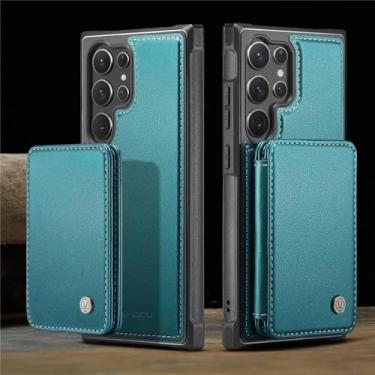 Imagem de HJZSZX Para Samsung S23 Magnético Dois em Um Couro Carteira Cartão Telefone Capa Flip Cover (Para Samsung S23/Verde)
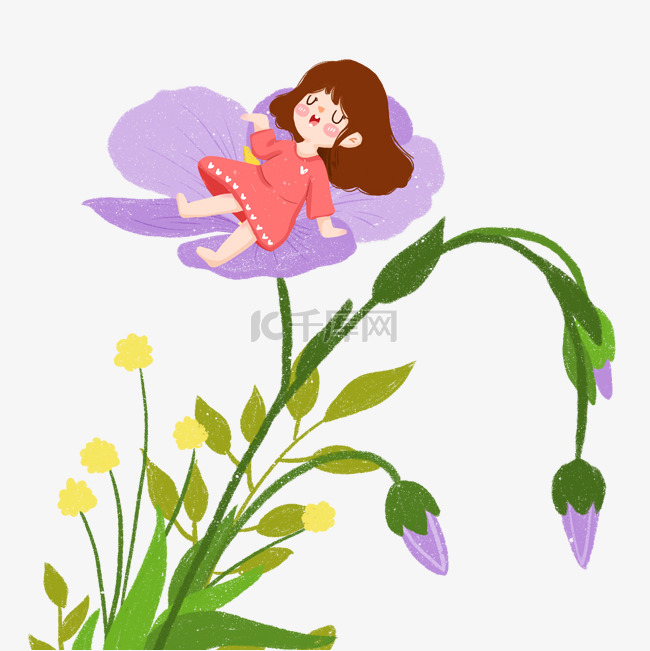 躺在鲜花上睡觉的女孩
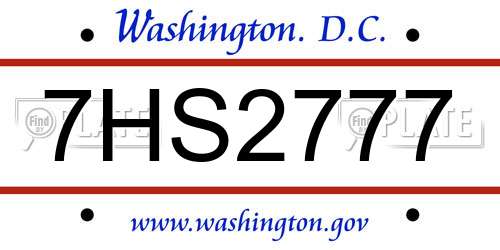 7HS2777 District Of Columbia License Plate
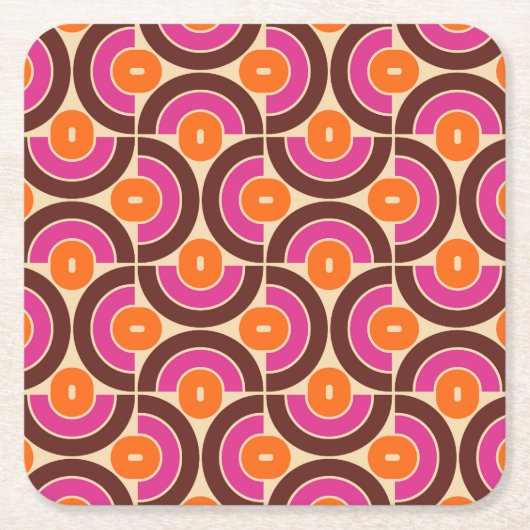 Mod 1970s Retro Style Geometrisch ontwerp Kartonnen Onderzetters (Voorkant)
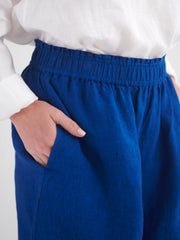 Poppie linen pull on short - Indigo Blue | NRBY Clothing
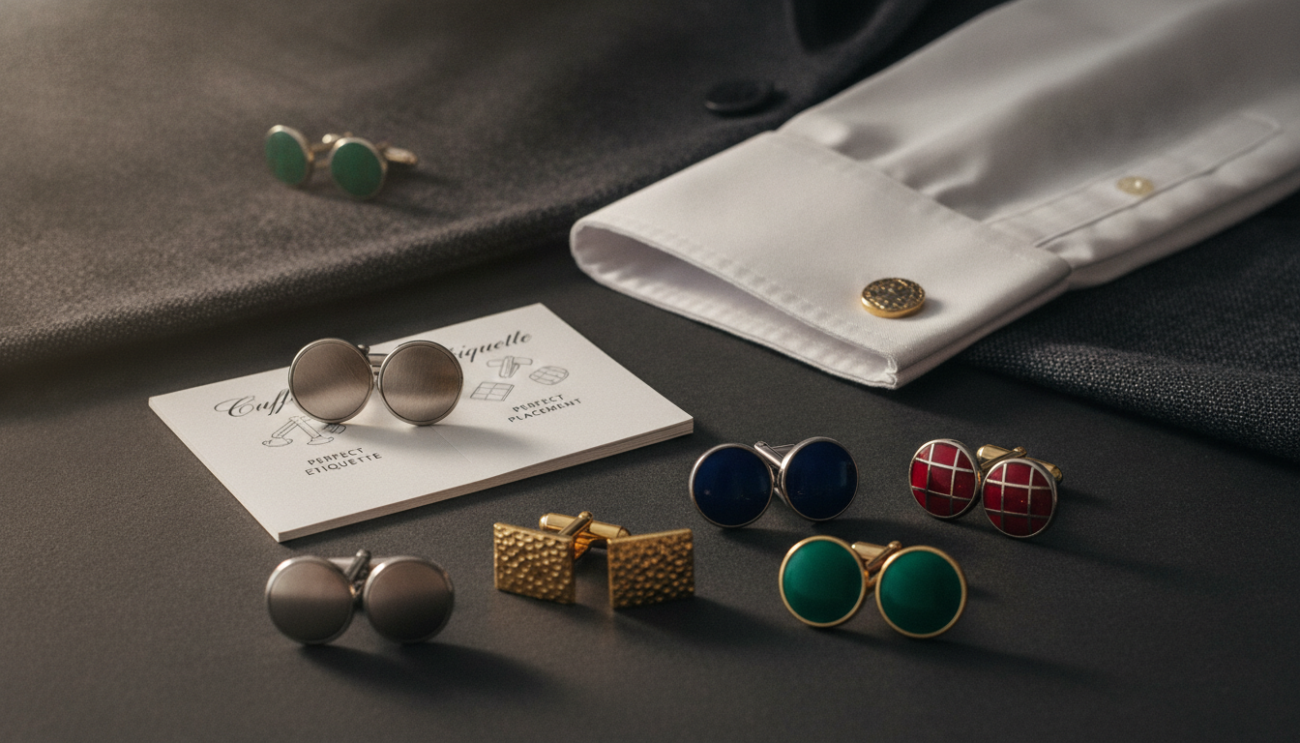 A stylish flat lay composition showcasing cufflinks in various designs, highlighting tips for effective wear. In the foreground, focus on several pairs of cufflinks arranged artfully, including classic silver, gold, and colorful enamel options. In the middle ground, an elegant shirt with french cuffs is partially visible, showcasing perfect cufflink placement. The background features a soft, blurred texture of a tailored suit jacket, enhancing the refined aesthetic. Warm, diffused lighting creates a sophisticated atmosphere, casting gentle shadows, while the angle captures the depth and detail of the cufflinks. Aim for an elegant and polished look that inspires confidence and complements the theme of dressing sharp.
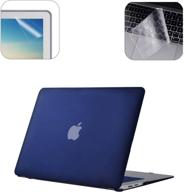 💻 applefuns macbook air 13 inch case: a1932 a2179 m1 a2337, 2021-2018 release, retina display, touch id, blue, 3 in 1 logo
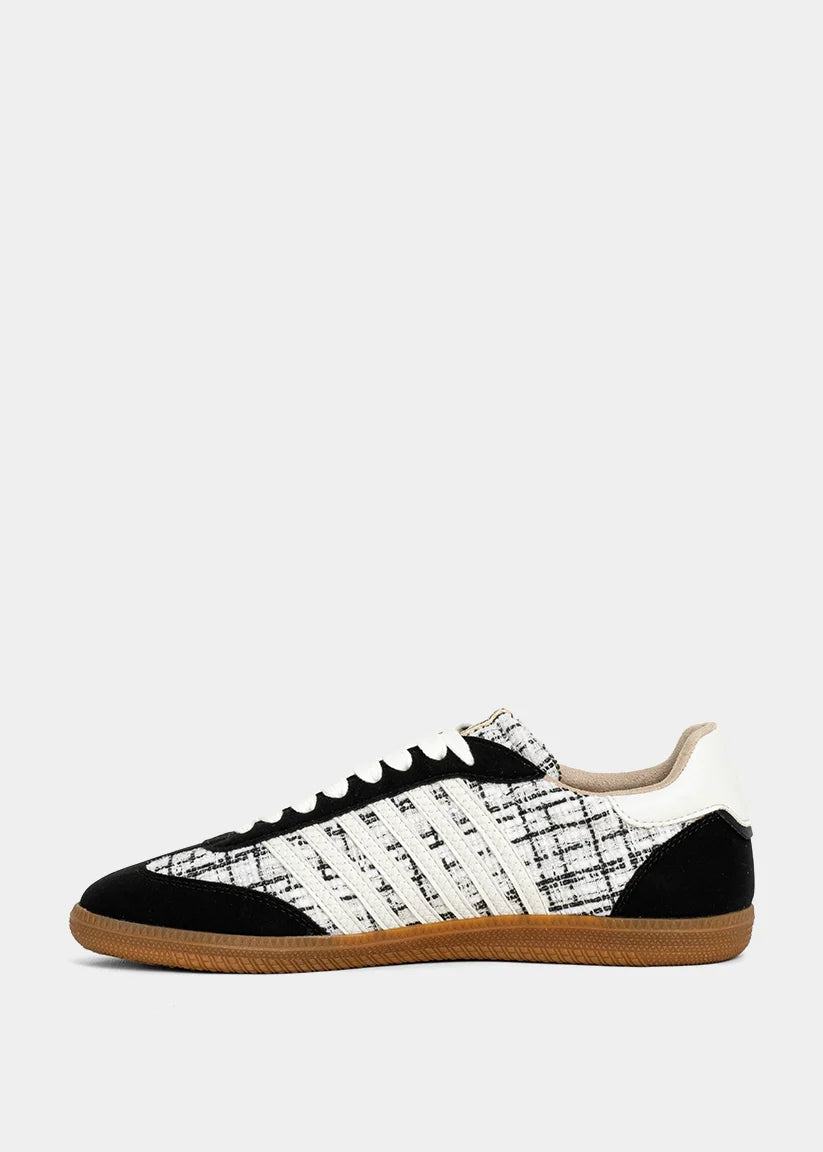 Stevie Sneaker- Black/White Plaid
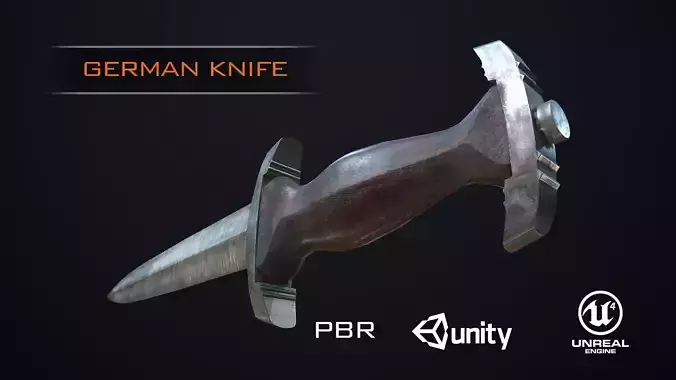 German knife Dagger 1933 WW2 PBR  Low-poly 3D model
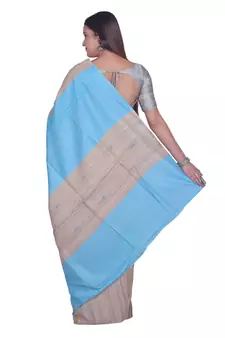 Handcrafted Tussar Ghicha Silk with Light Blue Shade in Pallu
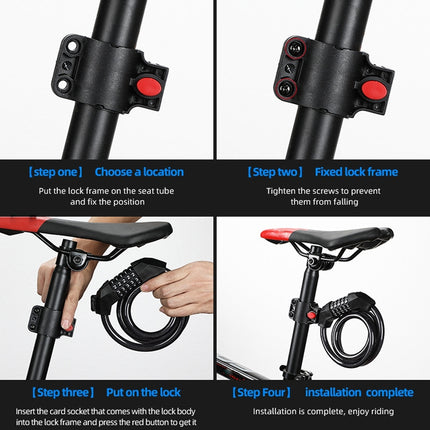 Bicycle Anti-Theft Code Lock Five-Digit Bicycle Lock Portable Bold And Long Steel Cable With Bracket Car Lock(Black)-garmade.com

◆ ◆ ◆ ◆ ◆ ◆ ◆

- _Problem to work on_
Recopy the whole listing above precisely, excluding images.

- _Written answer_
 Imagem de HJZSZX Para Samsung S23 Magnético Dois em Um Couro Carteira Cartão Telefone Capa Flip Cover (Para Samsung S23/Verde)
 躺在鲜花上睡觉的女孩
 7HS2777 District Of Columbia License Plate
 Mod 1970s Retro Style Geometrisch ontwerp Kartonnen Onderzetters (Voorkant)
 Poppie linen pull on short - Indigo Blue | NRBY Clothing
 A stylish flat lay composition showcasing cufflinks in various designs, highlighting tips for effective wear. In the foreground, focus on several pairs of cufflinks arranged artfully, including classic silver, gold, and colorful enamel options. In the middle ground, an elegant shirt with french cuffs is partially visible, showcasing perfect cufflink placement. The background features a soft, blurred texture of a tailored suit jacket, enhancing the refined aesthetic. Warm, diffused lighting creates a sophisticated atmosphere, casting gentle shadows, while the angle captures the depth and detail of the cufflinks. Aim for an elegant and polished look that inspires confidence and complements the theme of dressing sharp.
 💻 applefuns macbook air 13 inch case: a1932 a2179 m1 a2337, 2021-2018 release, retina display, touch id, blue, 3 in 1 logo
 Stevie Sneaker- Black/White Plaid
 German knife Dagger 1933 WW2 PBR  Low-poly 3D model
 Handcrafted Tussar Ghicha Silk with Light Blue Shade in Pallu
 Bicycle Anti-Theft Code Lock Five-Digit Bicycle Lock Portable Bold And Long Steel Cable With Bracket Car Lock(Black)-garmade.com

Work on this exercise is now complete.